Setting the mode to plot after the map is generated saves on resources and allows the code to run faster, as the plot does not require continuous updating.

Write Up

The plots reveal that of the private properties sold, areas with the highest average transaction price are concentrated around the Central Region, including areas like Bukit Timah and Newton. This is likely due to their proximity to the Central Business District (CBD).

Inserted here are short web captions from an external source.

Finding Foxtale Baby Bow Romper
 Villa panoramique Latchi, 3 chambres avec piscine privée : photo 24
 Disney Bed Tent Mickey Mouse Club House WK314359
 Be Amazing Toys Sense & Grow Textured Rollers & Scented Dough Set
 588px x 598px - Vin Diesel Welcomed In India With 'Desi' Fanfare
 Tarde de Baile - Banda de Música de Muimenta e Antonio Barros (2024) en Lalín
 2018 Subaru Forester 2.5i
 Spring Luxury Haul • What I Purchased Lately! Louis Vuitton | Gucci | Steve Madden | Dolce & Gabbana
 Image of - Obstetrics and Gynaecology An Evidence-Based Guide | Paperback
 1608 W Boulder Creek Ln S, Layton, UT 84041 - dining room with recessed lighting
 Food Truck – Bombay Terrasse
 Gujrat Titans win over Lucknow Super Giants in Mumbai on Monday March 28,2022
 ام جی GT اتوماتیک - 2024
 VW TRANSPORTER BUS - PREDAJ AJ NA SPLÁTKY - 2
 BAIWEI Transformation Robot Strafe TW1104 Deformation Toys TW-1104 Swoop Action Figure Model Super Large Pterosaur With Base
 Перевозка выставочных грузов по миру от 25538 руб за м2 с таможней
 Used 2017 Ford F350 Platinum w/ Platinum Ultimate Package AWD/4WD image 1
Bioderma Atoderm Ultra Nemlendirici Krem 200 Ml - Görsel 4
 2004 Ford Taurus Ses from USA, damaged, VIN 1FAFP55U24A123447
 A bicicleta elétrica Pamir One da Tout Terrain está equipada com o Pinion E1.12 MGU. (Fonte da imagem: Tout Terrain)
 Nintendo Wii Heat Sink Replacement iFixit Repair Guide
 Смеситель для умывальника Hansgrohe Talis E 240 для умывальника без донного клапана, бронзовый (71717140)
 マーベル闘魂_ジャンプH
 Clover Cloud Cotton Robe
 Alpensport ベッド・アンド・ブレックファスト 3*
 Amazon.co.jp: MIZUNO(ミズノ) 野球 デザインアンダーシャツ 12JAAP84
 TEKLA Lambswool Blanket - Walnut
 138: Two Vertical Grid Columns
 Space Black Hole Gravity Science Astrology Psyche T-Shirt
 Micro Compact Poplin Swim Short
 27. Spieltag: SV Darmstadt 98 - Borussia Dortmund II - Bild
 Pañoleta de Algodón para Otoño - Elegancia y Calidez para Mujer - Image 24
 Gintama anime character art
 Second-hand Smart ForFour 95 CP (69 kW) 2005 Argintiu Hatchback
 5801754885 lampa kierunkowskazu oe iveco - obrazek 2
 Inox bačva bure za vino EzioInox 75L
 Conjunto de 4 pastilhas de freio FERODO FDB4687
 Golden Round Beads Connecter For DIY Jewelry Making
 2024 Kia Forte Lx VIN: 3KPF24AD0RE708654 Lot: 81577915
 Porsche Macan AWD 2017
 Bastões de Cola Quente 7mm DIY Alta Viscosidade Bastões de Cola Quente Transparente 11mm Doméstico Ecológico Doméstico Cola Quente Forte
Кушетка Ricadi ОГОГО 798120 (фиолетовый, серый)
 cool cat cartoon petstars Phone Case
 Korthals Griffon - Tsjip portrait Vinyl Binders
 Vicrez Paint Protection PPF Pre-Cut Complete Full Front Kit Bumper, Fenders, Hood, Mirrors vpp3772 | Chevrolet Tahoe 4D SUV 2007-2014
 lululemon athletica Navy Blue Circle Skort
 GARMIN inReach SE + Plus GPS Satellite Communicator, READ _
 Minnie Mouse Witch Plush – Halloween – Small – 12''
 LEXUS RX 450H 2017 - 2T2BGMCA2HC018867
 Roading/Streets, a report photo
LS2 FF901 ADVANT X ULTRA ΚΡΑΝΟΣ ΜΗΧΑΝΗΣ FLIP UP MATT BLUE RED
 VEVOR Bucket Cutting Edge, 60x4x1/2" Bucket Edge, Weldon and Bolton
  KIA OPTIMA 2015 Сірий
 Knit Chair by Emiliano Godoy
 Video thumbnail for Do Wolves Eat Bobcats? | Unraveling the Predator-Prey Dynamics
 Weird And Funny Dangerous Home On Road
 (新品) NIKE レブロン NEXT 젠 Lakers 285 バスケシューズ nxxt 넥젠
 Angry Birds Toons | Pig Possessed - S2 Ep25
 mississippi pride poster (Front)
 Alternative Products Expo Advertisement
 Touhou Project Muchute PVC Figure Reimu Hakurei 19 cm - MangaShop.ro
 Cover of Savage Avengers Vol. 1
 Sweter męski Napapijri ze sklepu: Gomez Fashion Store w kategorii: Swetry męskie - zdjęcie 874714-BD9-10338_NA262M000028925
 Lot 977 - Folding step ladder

Although there are very few transactions in Sentosa and Changi, these areas still have high average transaction prices, mainly consisting of condominiums.

Sales of Executive Condominiums, which were previously noted to have the lowest overall transaction price and low transaction price variability, are predominantly located in the outskirts of Singapore, such as Woodlands and Bukit Batok. This suggests a trend toward more affordable options in these areas.

Apartments and condominiums constitute the majority of private residences sold and are distributed throughout the city-state. This extensive distribution may account for the significant number of outliers observed earlier in transaction prices.